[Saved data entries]
────────────────

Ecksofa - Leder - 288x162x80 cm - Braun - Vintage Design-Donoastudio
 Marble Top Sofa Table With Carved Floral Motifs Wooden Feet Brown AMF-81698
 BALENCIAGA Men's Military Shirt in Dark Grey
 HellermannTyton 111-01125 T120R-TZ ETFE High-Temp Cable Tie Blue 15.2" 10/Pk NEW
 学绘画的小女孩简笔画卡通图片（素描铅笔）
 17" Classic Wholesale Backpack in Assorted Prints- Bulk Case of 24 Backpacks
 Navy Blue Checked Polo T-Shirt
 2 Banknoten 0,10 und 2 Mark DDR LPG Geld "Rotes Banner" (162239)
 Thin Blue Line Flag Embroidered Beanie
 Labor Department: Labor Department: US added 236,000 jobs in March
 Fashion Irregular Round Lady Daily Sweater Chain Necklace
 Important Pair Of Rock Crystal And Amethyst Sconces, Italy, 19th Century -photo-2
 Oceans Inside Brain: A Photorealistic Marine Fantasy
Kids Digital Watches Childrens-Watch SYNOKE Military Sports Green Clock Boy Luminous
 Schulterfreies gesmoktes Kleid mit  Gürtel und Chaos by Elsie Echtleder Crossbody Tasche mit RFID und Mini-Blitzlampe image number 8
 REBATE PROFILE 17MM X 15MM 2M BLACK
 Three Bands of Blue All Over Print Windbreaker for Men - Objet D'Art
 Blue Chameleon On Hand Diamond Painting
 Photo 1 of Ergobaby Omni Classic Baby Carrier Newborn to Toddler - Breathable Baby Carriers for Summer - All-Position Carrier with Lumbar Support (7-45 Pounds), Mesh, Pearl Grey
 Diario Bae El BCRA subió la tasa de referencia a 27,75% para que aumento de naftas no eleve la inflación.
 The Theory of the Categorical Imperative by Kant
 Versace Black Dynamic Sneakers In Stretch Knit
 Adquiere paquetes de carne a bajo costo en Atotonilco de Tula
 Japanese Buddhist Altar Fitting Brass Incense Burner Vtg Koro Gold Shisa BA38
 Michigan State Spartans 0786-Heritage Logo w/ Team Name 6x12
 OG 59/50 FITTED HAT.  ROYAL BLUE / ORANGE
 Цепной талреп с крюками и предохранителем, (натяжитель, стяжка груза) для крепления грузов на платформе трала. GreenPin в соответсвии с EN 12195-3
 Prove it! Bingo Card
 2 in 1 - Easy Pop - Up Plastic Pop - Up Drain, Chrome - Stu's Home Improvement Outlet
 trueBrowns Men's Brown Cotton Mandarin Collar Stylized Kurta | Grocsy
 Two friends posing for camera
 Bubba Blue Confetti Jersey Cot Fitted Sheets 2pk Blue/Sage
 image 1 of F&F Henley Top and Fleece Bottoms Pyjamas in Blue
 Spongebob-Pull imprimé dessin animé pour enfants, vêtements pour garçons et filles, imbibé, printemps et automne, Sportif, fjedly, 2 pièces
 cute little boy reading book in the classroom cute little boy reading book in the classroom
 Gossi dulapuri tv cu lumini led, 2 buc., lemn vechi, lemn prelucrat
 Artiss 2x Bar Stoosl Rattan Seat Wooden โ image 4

────────────────

### Goal of the exercise
Look through the records above and please copy every line in which the string "Shirt" occurs.

### Expected output
 BALENCIAGA Men's Military Shirt in Dark Grey
 Navy Blue Checked Polo T-Shirt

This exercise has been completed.